Más de 11.000 personas han sido asesinadas en los últimos nueve
años y, dado el número de desapariciones de ciudadanos, Nepal
figura a renglón seguido de Sierra Leona o Ruanda en las listas del
horror. El 1 de febrero de 2005, el rey Gyanendra, monarca constitucional tras
el asesinato de la familia real, defenestró al primer ministro y se
arrogó poderes ejecutivos, alegando que la incompetencia de los líderes
electos estaba entorpeciendo las operaciones de contrainsurgencia de su Ejército.
Numerosos líderes políticos fueron encarcelados y se impuso una
estricta censura. De la noche a la mañana, la prensa nepalesa pasó de
ser una de las más libres del mundo a tener a soldados armados en las
redacciones controlando los textos.

La guerrilla maoísta decretó el 3 de septiembre un alto el fuego
unilateral de tres meses e hizo un llamamiento a todos los partidos políticos
para encontrar una solución a la situación que atraviesa el país.
Este movimiento deja aislado al rey y al Gobierno que él mismo eligió hace
ocho meses.

Narayan Wagle, redactor del periódico en nepalés más
popular de Katmandú, Kantipur, es testigo de excepción de este
caos. Desde el principio de su carrera, a Wagle no le ha interesado informar
sobre las altas esferas del poder de la capital. Prefiere recorrer los lugares
más recónditos de este escarpado país y escribir artículos
sobre el abandono y la apatía de la burocracia para llamar la atención
del Gobierno en un lejano Katmandú.

Como compañero de profesión, comparto el sentimiento de Wagle
respecto a la incapacidad del periodismo para ofrecer un verdadero retrato
del trauma de nuestro país en la actualidad. Se publican infinidad de
reportajes, columnas y editoriales, pero, de alguna manera, lo que no se está logrando
transmitir es la brutalización de la sociedad provocada por el conflicto.
El tejido social de Nepal se está desgarrando, y todo lo que los periodistas
estamos haciendo es informar de ello como si se tratara de una oleada de crímenes. “Muchos
temas no encajan en el formato de noticia, así que, paradójicamente,
tienes que recurrir a la ficción para contar la verdad”, sostiene
Wagle, al explicar lo que ha inspirado su primera novela, Café Palpasa.

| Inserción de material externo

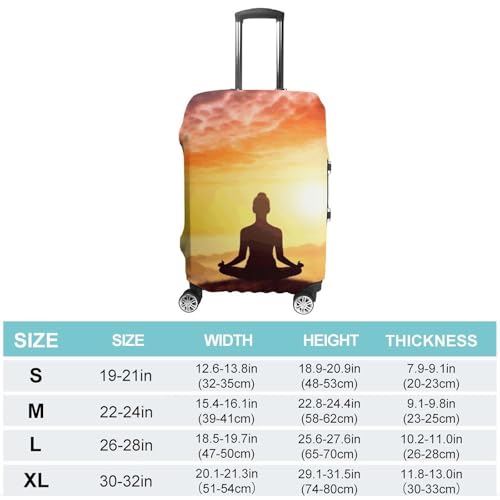 Yoga Meditation Printed Luggage Cover Protector, Fits 18-32 Inch Luggage2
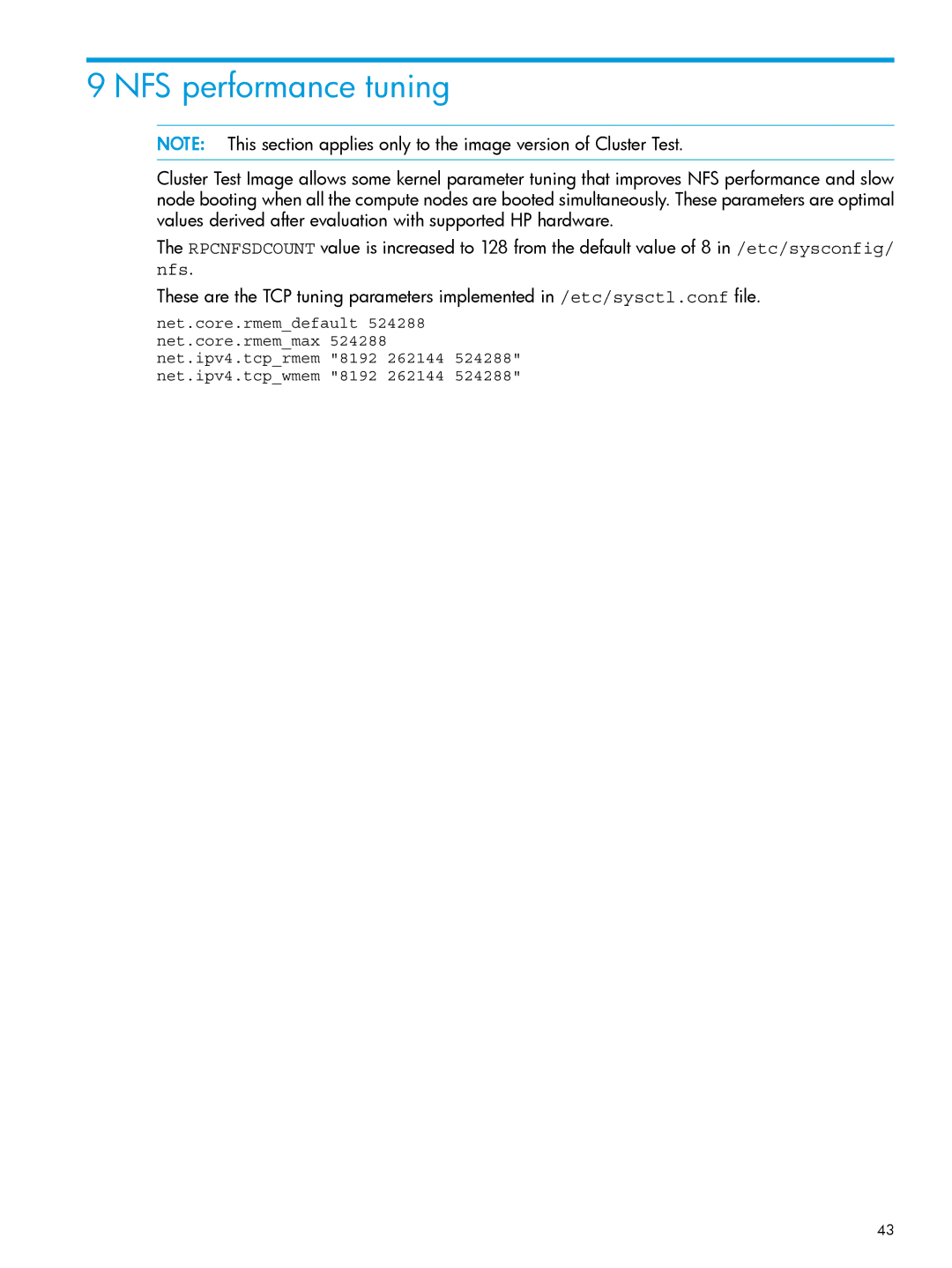 HP Cluster Test Software manual NFS performance tuning, Nfs 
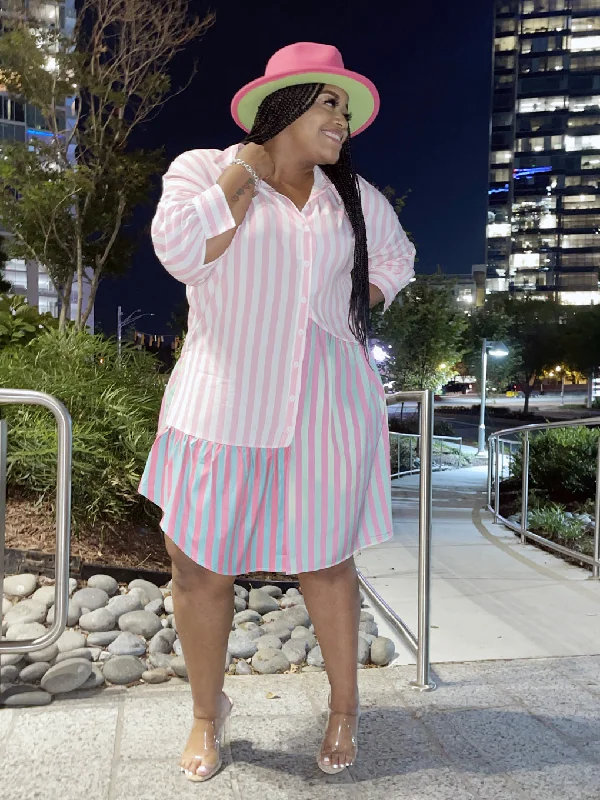 Classic Stripe Dress (Pink)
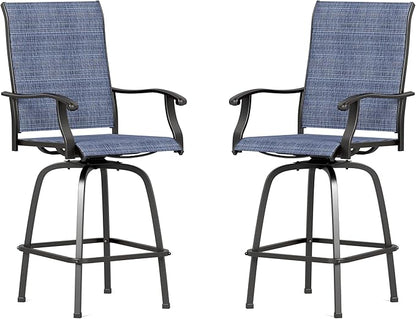 Sophia & William Patio Swivel Bar Stools Set of 2, Bar Height Patio Chairs, High Top Patio Chairs, Supports 300 lbs (Blue Fabric)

A menudo, la realidad es más dramática que la literatura en
sociedades azotadas por turbios conflictos. En Nepal, cada caso de matanzas
de niños por las minas antipersonas, de secuestros de estudiantes por
parte de los rebeldes o de desaparición de mujeres en los controles
es una tragedia familiar estremecedora de la que el resto del país debe
estar informado. Pero, en lugar de ello, se suelen relatar de una manera que
convierte a las víctimas en meras estadísticas. En raras ocasiones,
se ve o escucha el dolor y la pérdida personal de los afectados.


Muchos temas no encajan en el formato de noticia, así que, paradójicamente, hay que recurrir a la ficción para contar la verdad


Esta novela es un relato sobre varios sucesos reales llevados a la ficción,
sobre la vida y la muerte de nepaleses de a pie atrapados por las garras de
la guerra. El autor interviene desde el principio en el relato, en el que encarna
a un redactor de un periódico de Katmandú que se entera de que
un amigo suyo ha sido secuestrado por el Ejército. Hasta ahí todo
es verídico, pero en el capítulo siguiente, Wagle convierte a
su amigo desaparecido en un artista imaginario llamado Drishya, y el resto
del libro es la historia del artista contada por él mismo. El escritor
reconoce que buena parte de lo que vive su personaje, Drishya, es medio autobiográfico.
En la trama se entrelazan el frágil amor no declarado entre Drishya
y Palpasa, una americana de origen nepalés, de primera generación,
que ha vuelto a la tierra de sus padres harta de los estereotipos raciales
tras el 11-S en EE UU, y el reencuentro del artista con su viejo amigo Siddhartha,
ahora guerrillero. Cuando éste llega a Katmandú tras la masacre
de la familia real, buscando refugio en casa de Drishya, los dos discuten sobre
si los fines de la revolución justifican los medios:

–Pero ¿cómo puedes justificar la violencia? –pregunta
Drishya.

–Sin destruir no se puede construir nada nuevo –responde Siddhartha.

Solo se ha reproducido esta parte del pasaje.